Cholesterol is used to create a barrier between the inside and the outside of the cell. This is vitally important because the cell wall keeps the inside of the cell inside the cell, and the outside of the cell, outside. Without cholesterol, we can’t do that.

Source: Know your Fats by Mary G. Enig p58-64

Also, our brain is composed of a high amount of fat and cholesterol. The nerve cells in the brain are protected by a myelin sheath which is composed of cholesterol. Cholesterol is indispensable for brain maturation and without that myelin sheath, our nerve cells can’t communicate with each other in order to get jobs done. That’s when things get messy and people can’t function properly. Omega three fats are also very important for brain and we have big deficiency in them.

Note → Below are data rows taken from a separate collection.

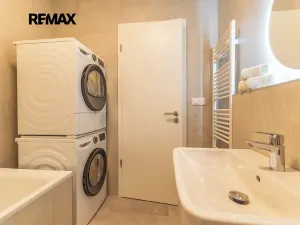 Pronájem bytu 2+kk, Praha - Hlubočepy, Divíškové, 50 m2
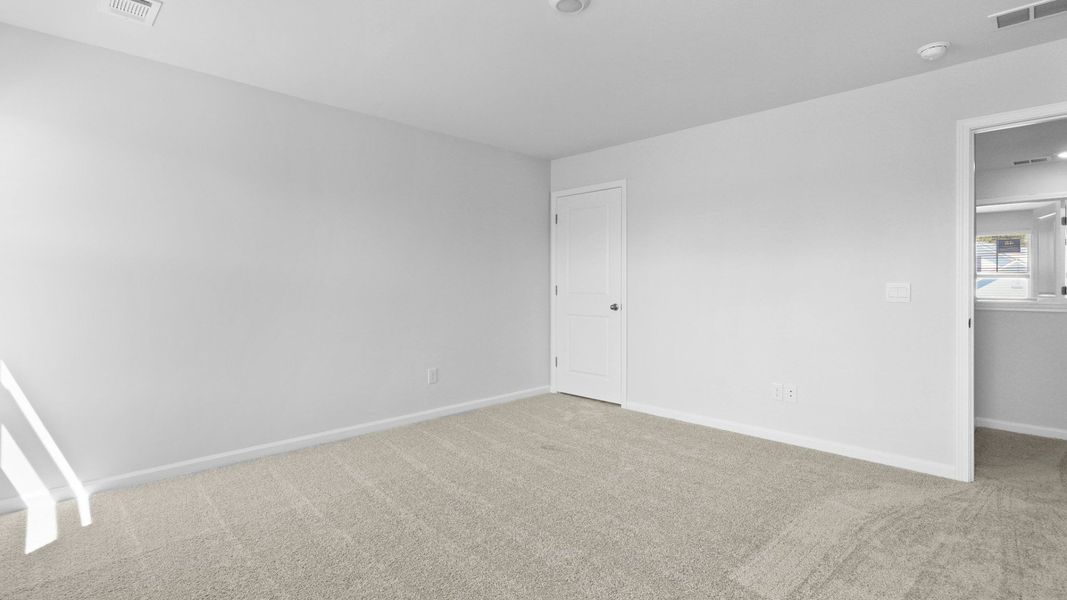 Representative unfurnished interior of a home built from the SALEM by D.R. Horton in Lakeview at Kitfield, Moncks Corner (Image 35).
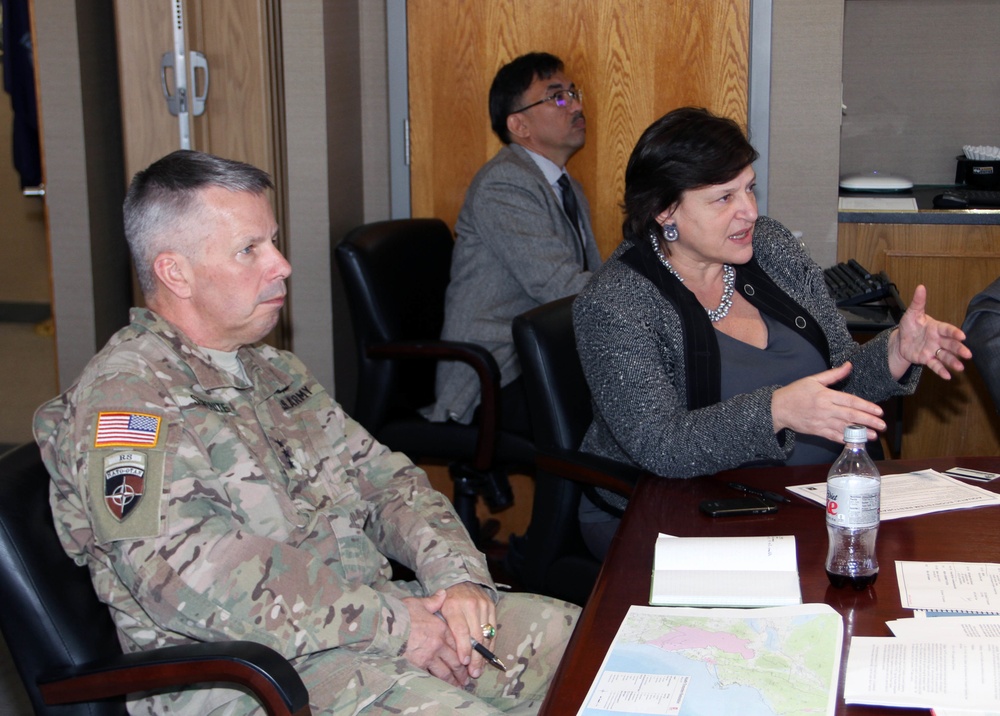 Division staff briefs Chief of Engineers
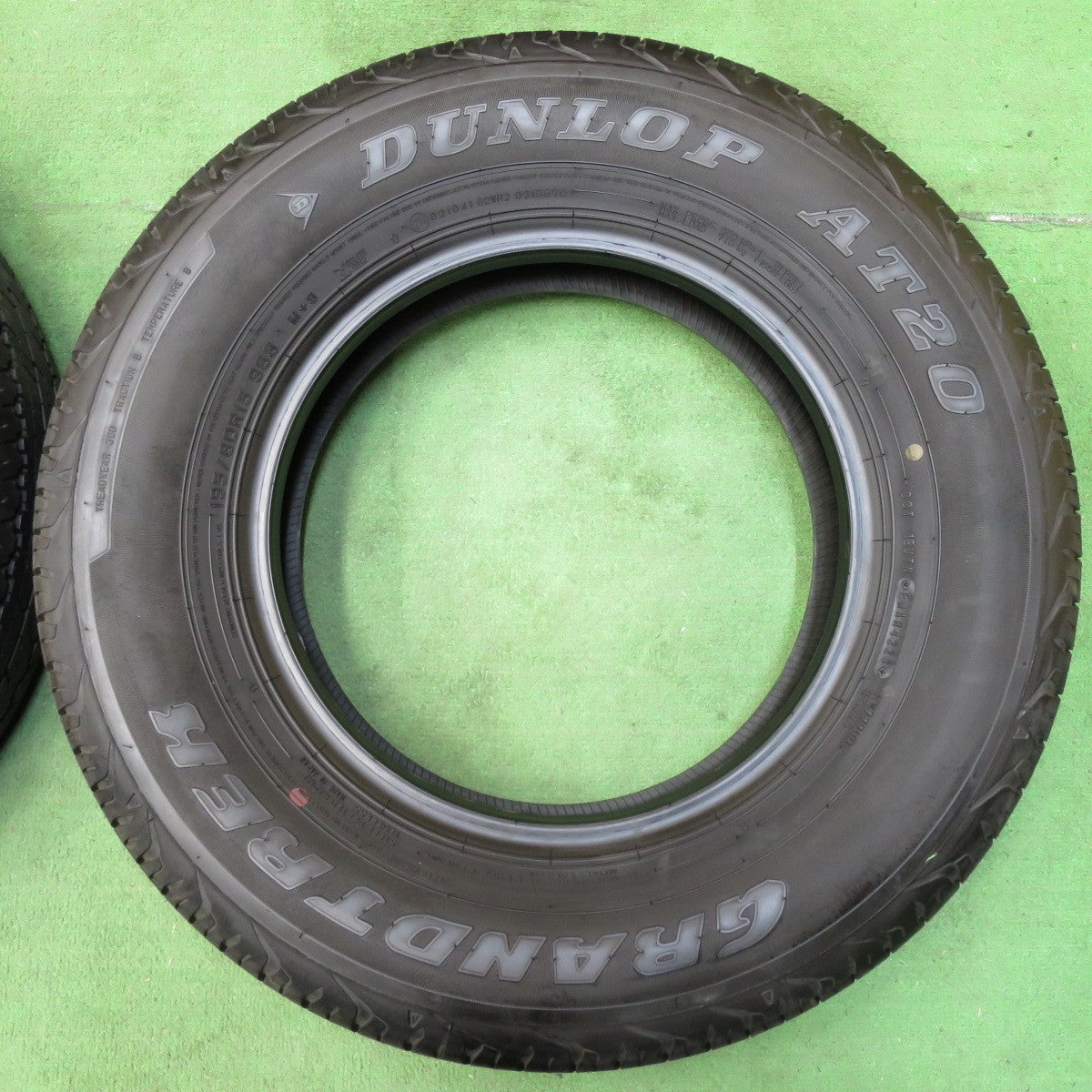 [送料無料] 新車外し！23年★ジムニー シエラ 等 195/80R15 ダンロップ AT20 グラントレック タイヤ 15インチ★4112911イノタ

Source: http://www.nature.com/neuro/journal/v8/n4/abs/nn1426.html

As for not eating butter and cream, the argument again relates to whether saturated fat causes high cholesterol and heart disease. The cholesterol hypothesis hasn’t been proven either way, so it’s just a hypothesis at this stage. The big thing here is, she hasn’t mentioned the source of butter and cream, just banned them all together as a blanket bad. Butter and cream from a grass fed cow, grazing in sunlight is very diff from a cow that has been eating grains in a shed. The end product has a very different profile as far as the fats within the milk/cream. Butter made from grass fed cows has a much better ratio of omega 3 and 6 which is exactly why we eat it, for the essential fats. Omega 3 fats are very important for the brain and we have a big deficiency in them.

Source: http://www.nature.com/neuro/journal/v8/n4/abs/nn1426.html

Butter also contains fat soluble vitamins A, D and K2, which we need. In his epic study on human health Weston A. Price found that butter from Grass Fed Cows was a staple to many extremely healthy human populations. They saw it as a sacred food that sustained life. They used it to cure diseases including Rickets and even tooth decay.